[Provided data]

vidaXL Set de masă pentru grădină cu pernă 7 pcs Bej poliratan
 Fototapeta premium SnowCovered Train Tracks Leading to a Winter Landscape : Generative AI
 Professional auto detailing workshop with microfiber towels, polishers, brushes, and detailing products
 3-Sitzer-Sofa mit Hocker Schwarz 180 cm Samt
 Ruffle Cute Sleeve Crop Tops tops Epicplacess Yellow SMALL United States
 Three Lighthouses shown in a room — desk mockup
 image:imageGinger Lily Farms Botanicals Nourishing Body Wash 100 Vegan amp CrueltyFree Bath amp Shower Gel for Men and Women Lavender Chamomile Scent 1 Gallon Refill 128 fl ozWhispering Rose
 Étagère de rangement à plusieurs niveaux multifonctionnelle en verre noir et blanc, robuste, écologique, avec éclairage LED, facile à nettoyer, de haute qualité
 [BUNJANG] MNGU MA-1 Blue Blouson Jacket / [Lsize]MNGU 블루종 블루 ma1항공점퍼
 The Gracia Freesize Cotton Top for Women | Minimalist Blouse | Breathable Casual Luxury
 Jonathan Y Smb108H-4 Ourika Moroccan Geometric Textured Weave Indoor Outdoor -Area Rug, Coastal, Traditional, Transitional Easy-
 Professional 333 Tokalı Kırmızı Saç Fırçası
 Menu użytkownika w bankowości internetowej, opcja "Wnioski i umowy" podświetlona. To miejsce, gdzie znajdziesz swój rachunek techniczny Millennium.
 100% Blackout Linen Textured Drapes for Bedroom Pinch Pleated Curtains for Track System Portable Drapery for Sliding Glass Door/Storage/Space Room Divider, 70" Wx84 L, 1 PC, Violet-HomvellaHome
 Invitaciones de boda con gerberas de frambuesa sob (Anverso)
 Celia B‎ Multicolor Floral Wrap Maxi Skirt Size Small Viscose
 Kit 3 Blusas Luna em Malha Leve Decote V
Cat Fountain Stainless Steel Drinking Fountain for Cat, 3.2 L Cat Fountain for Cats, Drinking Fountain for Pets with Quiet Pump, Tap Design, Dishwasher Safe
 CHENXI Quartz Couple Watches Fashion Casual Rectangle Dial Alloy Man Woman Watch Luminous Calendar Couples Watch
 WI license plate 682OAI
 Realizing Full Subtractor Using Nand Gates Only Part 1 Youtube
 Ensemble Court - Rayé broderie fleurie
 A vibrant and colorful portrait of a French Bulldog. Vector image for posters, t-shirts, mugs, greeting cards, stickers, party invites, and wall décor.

[/Provided data]

• Exercise details: Every record, start to finish: reproduce it word for word.

• Final answer:
vidaXL Set de masă pentru grădină cu pernă 7 pcs Bej poliratan
 Fototapeta premium SnowCovered Train Tracks Leading to a Winter Landscape : Generative AI
 Professional auto detailing workshop with microfiber towels, polishers, brushes, and detailing products
 3-Sitzer-Sofa mit Hocker Schwarz 180 cm Samt
 Ruffle Cute Sleeve Crop Tops tops Epicplacess Yellow SMALL United States
 Three Lighthouses shown in a room — desk mockup
 image:imageGinger Lily Farms Botanicals Nourishing Body Wash 100 Vegan amp CrueltyFree Bath amp Shower Gel for Men and Women Lavender Chamomile Scent 1 Gallon Refill 128 fl ozWhispering Rose
 Étagère de rangement à plusieurs niveaux multifonctionnelle en verre noir et blanc, robuste, écologique, avec éclairage LED, facile à nettoyer, de haute qualité
 [BUNJANG] MNGU MA-1 Blue Blouson Jacket / [Lsize]MNGU 블루종 블루 ma1항공점퍼
 The Gracia Freesize Cotton Top for Women | Minimalist Blouse | Breathable Casual Luxury
 Jonathan Y Smb108H-4 Ourika Moroccan Geometric Textured Weave Indoor Outdoor -Area Rug, Coastal, Traditional, Transitional Easy-
 Professional 333 Tokalı Kırmızı Saç Fırçası
 Menu użytkownika w bankowości internetowej, opcja "Wnioski i umowy" podświetlona. To miejsce, gdzie znajdziesz swój rachunek techniczny Millennium.
 100% Blackout Linen Textured Drapes for Bedroom Pinch Pleated Curtains for Track System Portable Drapery for Sliding Glass Door/Storage/Space Room Divider, 70" Wx84 L, 1 PC, Violet-HomvellaHome
 Invitaciones de boda con gerberas de frambuesa sob (Anverso)
 Celia B‎ Multicolor Floral Wrap Maxi Skirt Size Small Viscose
 Kit 3 Blusas Luna em Malha Leve Decote V
Cat Fountain Stainless Steel Drinking Fountain for Cat, 3.2 L Cat Fountain for Cats, Drinking Fountain for Pets with Quiet Pump, Tap Design, Dishwasher Safe
 CHENXI Quartz Couple Watches Fashion Casual Rectangle Dial Alloy Man Woman Watch Luminous Calendar Couples Watch
 WI license plate 682OAI
 Realizing Full Subtractor Using Nand Gates Only Part 1 Youtube
 Ensemble Court - Rayé broderie fleurie
 A vibrant and colorful portrait of a French Bulldog. Vector image for posters, t-shirts, mugs, greeting cards, stickers, party invites, and wall décor.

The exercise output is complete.